Hidup Gempar baru benar-benar mapan setelah bekerja sebagai tukang ketik di kantor notaris Frederik Alexander Tumbuan, masih di sekitar daerah Gandaria.
Tahun 1985 ia malah bisa berkuliah di Fakultas Hukum Universitas Indonesia.
Berbekal dari pekerjaan dan kuliahnya, pekerjaan yang digelutinya kemudian lebih banyak terkait dengan hukum atau di perusahaan biasa disebut bagian legal.
Ia juga menjadi konsultan hukum di beberapa perusahaan elektronik seperti Hitachi, Toshiba, ITT, Grundig, serta beberapa bank.
Dari pekerjaan itu perlahanlahan kehidupannya mulai mapan, setelah memiliki beberapa bidang tanah dan kendaraan di Jakarta.
"Siap, Bung Karno!"
Awalnya Gempar mengenal Soekarno tak lebih sebagai mantan Presiden RI. Ia ingat, sewaktu SMP, pernah nekat membuka sebuah koper besi yang sengaja disembunyikan ibunya di atas plafon rumah.
Tapi selanjutnya isi koper yang kelak dipakai untuk membuka jati dirinya itu, tidak terlalu dihiraukannya.
"Malah ada tongkat komando yang pernah saya pakai untuk menggali-gali tanah," tutur Gempar tentang kenakalannya di masa kecil terhadap benda-benda peninggalan Soekarno itu.
Cerita tentang sang ayah didapat dari Jetje sebelum akhirnya meninggal pada November 2004.

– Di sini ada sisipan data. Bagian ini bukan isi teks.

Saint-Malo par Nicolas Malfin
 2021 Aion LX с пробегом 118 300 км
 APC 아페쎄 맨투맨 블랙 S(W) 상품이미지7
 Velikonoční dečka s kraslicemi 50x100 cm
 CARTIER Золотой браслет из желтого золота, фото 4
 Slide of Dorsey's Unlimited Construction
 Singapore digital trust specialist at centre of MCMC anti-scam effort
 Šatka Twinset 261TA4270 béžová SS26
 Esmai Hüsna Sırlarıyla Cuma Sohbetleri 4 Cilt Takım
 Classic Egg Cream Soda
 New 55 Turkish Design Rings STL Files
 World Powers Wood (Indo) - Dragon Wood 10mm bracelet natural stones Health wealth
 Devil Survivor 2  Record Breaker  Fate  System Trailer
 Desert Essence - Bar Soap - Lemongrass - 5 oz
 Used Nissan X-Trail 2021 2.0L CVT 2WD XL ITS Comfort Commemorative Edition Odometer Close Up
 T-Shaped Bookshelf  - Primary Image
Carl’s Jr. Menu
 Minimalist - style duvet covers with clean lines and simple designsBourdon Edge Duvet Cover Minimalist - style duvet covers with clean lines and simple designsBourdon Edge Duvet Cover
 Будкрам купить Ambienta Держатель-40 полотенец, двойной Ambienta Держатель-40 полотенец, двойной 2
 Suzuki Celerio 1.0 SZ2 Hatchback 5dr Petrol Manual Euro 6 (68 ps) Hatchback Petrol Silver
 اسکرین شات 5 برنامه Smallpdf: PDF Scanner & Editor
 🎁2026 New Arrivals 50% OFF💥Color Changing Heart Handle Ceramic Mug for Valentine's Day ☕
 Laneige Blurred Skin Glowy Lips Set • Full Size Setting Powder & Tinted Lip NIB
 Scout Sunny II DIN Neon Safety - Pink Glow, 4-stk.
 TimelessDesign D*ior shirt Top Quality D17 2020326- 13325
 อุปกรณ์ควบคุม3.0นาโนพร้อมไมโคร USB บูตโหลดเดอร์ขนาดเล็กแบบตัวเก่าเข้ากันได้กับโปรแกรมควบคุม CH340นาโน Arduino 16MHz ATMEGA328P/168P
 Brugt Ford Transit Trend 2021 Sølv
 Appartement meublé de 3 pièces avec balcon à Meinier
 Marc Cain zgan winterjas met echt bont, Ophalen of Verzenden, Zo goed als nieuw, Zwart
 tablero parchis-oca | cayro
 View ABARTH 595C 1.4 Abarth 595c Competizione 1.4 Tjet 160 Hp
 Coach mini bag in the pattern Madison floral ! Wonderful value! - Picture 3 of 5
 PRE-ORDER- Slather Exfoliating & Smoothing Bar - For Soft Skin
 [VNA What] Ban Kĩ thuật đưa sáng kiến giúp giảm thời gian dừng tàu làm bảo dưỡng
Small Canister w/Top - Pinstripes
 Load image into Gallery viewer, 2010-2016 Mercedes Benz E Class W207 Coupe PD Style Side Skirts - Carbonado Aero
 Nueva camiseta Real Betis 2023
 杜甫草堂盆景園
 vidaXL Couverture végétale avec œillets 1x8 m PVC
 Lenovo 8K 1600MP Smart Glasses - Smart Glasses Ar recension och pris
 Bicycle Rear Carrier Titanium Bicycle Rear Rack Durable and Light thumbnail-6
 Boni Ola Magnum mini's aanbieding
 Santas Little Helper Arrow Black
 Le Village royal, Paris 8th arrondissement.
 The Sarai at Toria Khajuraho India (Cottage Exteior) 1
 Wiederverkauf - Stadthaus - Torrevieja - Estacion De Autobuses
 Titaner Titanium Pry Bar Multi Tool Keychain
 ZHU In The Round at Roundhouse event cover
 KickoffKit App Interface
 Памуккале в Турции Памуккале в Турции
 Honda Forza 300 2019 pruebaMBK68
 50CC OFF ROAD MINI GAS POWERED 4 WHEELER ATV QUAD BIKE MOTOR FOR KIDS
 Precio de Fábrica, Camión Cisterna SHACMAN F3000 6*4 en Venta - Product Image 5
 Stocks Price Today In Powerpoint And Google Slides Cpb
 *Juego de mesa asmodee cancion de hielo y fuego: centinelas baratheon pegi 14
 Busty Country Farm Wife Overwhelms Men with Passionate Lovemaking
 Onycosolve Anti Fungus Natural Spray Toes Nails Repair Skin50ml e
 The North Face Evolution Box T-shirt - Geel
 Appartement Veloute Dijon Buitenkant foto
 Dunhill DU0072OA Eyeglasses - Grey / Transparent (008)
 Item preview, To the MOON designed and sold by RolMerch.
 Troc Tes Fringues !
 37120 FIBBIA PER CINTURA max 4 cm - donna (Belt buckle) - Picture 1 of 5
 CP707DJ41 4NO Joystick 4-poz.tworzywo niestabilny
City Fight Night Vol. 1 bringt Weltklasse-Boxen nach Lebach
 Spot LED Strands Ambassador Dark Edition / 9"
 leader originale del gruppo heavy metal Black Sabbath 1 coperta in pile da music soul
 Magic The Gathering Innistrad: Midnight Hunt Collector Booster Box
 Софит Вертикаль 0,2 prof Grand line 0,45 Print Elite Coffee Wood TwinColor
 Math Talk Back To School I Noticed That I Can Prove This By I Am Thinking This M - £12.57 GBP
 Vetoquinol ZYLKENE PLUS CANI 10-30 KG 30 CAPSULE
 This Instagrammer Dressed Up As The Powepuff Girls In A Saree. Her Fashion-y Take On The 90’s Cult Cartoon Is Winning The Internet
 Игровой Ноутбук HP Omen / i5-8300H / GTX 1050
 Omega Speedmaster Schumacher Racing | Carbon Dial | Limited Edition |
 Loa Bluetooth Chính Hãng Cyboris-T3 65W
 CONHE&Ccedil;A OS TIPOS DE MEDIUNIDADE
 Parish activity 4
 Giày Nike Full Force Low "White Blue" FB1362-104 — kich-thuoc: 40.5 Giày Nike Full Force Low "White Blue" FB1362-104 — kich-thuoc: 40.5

Dalam ingatan Jetje, Soekarno mulai mengenalnya ketika berkunjung ke Manado tahun 1953. Sejak itu keduanya menjalin hubungan melalui surat atau telegram, serta sesekali bertemu jika kebetulan Presiden berkunjung ke Manado.
Tapi orangtua Jetje tidak merestui niat Soekarno untuk menikahi putri mereka.